Peninei Halakhah is a contemporary book on practical Jewish law by Rabbi Eliezer Melamed that’s wildly popular in many parts of the religious world in Israel, and internationally—even used widely as a textbook in religious schools.
And here, what’s implied elsewhere is spelled out as explicitly as possible:
While lesbian sex is considered promiscuous… a married woman who engages in it is not [regarded as adulterous], since this activity involves no penetration in the way that a man penetrates a woman (Peninei Halakha, Ch 4, Laws of Maintaining the Covenant 12)
Why is it not really sex? No penis. The presence of a penis is what turns the Velveteen Fooling Around
into something real.This idea is still prevalent now! SO prevalent!
One of the questions that Michael Bronski, Ann Pellegrini, and Michael Amico included in their 2013 book on “Myths about LGBT Life and People,” was, “Is Lesbian Sex ‘Real Sex’?”
They write,
Many men (straight and gay) simply cannot imagine that real sex takes place without a penis. For this reason, lesbian sex has become a cultural marker, a stand-in, for the question “What actually counts as sex?”—for anyone.
According to contemporary stereotypes, queer women’s/femme’s sexuality either doesn’t exist—believed to die as soon as it’s born, faded into a U-Haul-assisted “lesbian bed death” haze of cats, tea, and emotional companionship [1, 2, 3] —or it’s just pritzuta b’alma—a little mere licentiousness with Katy Perry and cherry chapstick. [1, 2]
It has no substance, no heft.

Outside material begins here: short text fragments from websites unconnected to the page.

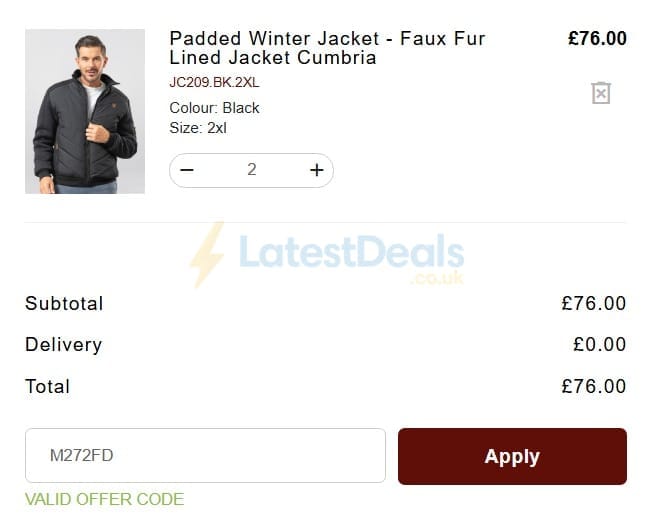 Screenshot of the Jolliman discount code working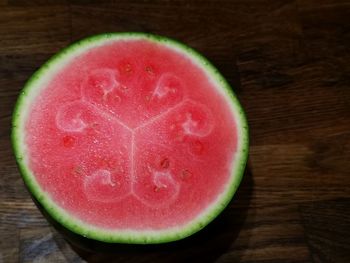 High angle view of fruits in plate on table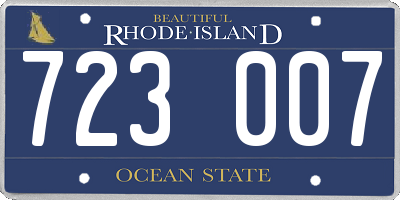 RI license plate 723007
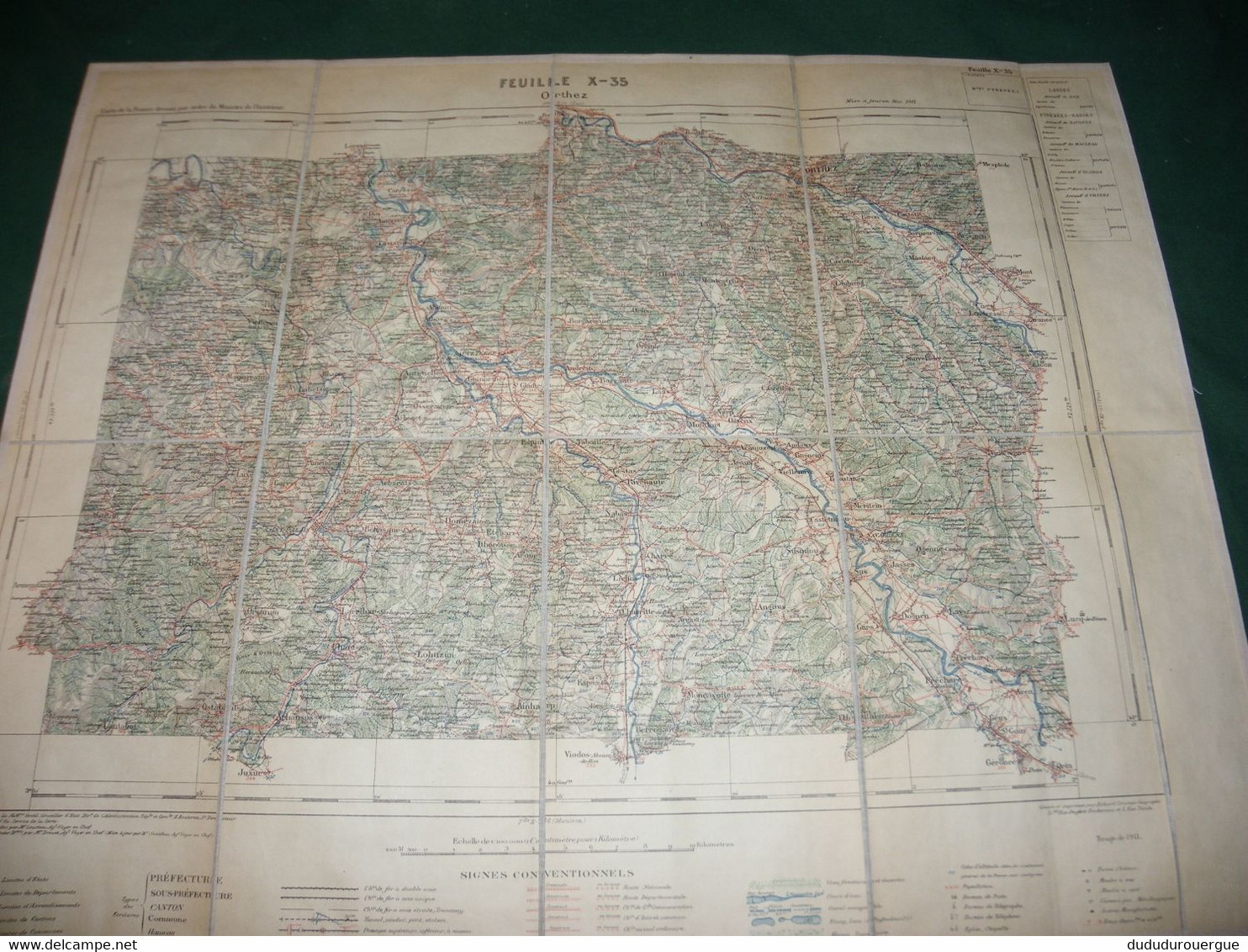 ORTHEZ  :  CARTE DRESSEE PAR ORDRE DU MINISTERE DE L INTERIEUR ,  TIRAGE DE 1911, CARTE  TOILEE - Cartes Topographiques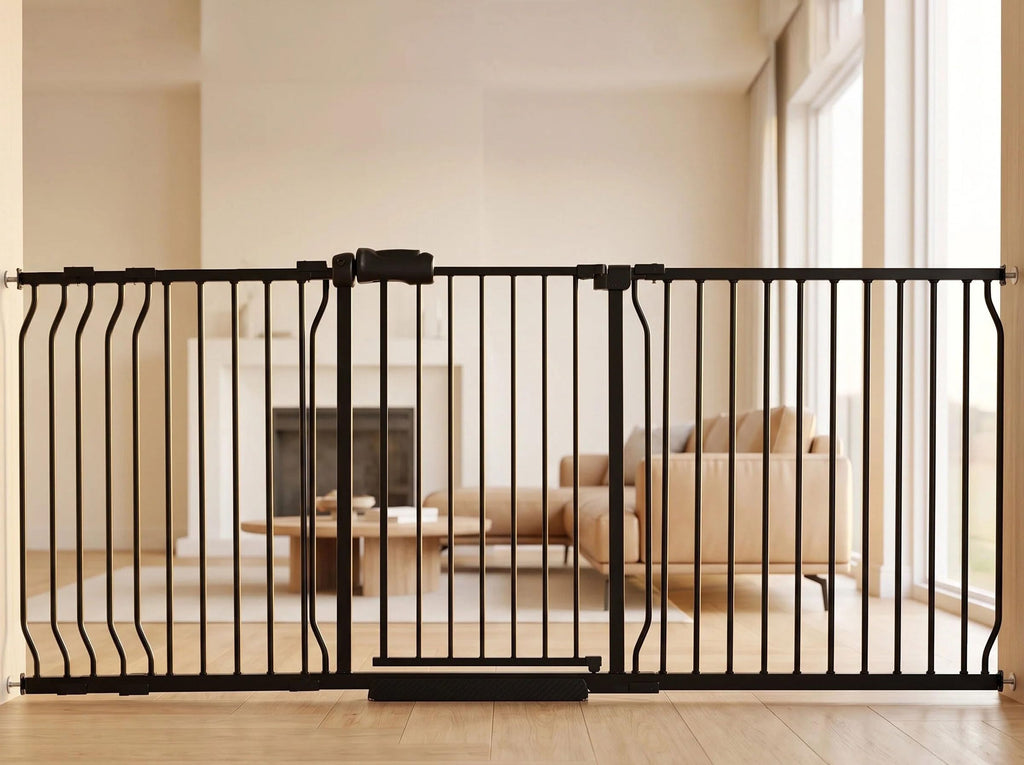 105" Extra-Wide Adjustable Hardware/Pressure-Mounted Pet & Child Safety Gate with Dual-Lock Walk-Through Swing Door for Stairs, Hallways & Wide Doorways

No weight. No penis.
Because patriarchy has decided for the last 2000+ years that that’s what defines sex.
Female sexuality, on its own, is regarded as not only fundamentally unserious (pritzuta!) but as something that doesn’t really even exist.
So Maimonides says that female same-sex sexual activity is not prohibited. But even so, if they get caught, they should be given “lashes for rebellion.” Yes, unfortunately this was a real thing. Mostly it’s meant for people who violate Rabbinic (rather than Torah-ordained) commandments, like lighting Shabbat candles or the laws of Purim, or people who were disrespectful to the Rabbinic court. So this not-forbidden thing starts to sound like it’s getting a pretty harsh punishment given that it… didn’t violate anything specifically and wasn’t bothering anyone? But that’s just me.
Male sexuality is a toeva—this? It’s not sex, but she must be whipped for “rebellion,” so she will know her place better.
You see how this is sexism and homophobia rolled up together? How the homophobia of lesbianism is rolled into the misogyny of women, the refusal to take them seriously yet to demand they stay in their place? (As opposed to male homophobia—misogynistic because it crosses boundaries of “appropriate” masculinity, constructions of power and domination in patriarchy, etc.)
I do not know how many women throughout history have been harmed by this choice of Maimonides’ to institute lashes—physically, emotionally, spiritually—but I imagine it was a lot. Just as the choice to use the most homophobic possible reading of Leviticus 18 and 20 has done profound violence to untold men throughout history. Let us honor all of them.
Am I allowed to find the last line bitterly hilarious?
A man should be strict with his wife in this matter, and should prevent women who are known to engage in this practice from visiting her, and prevent her from going to them.
No telling what Wilma and Betty are up to when Fred and Barney are at the beit midrash quarry.
If you don’t know this song, below, it (released 1995) preceded the Katy Perry one and is entirely different, and far superior, with only the title in common.
But, like, notice how even the lyrics of the song echo exactly the trope to which Maimonides alludes in 12th c. Egypt. That, my friends, is a very strong trope. Also, yes, likely a long-standing historical reality—but also really, really, really a strong trope.
I want to talk about the word “dyke” for a moment.
Back in the Late Pleistocene era when I was coming out (early 90s), both “dyke” and “queer” were understood to be reclaimed former slurs. Queer Nation intentionally chose in-your-face language for organizing. And, like, we had the Dyke March, dyke bars, Dykes on Bikes opening Pride, Allison Bechdel’s legendary (still holds up) comic in the free weeklies- “Dykes to Watch Out For.”
Just as “queer” was used to denote a certain sensibility that was a little more punk, explicitly concerned with larger unjust systems and unseating heteronormative assumptions about how things could or should be done —”Not gay as in happy, queer as in f-k you,” went the old slogan—so, too, was “dyke.” The former could apply to anyone of any gender, the latter tended to belong to those who were closer to the “women lovin’ women” category (including trans women and transfemme folks). But, at least in my circles, it didn’t imply exclusive homo attraction the way “lesbian” did—one could be a dyke and also be interested in whatever other genders. But it was also a feisty word, reclaimed, glory atop a motorcycle.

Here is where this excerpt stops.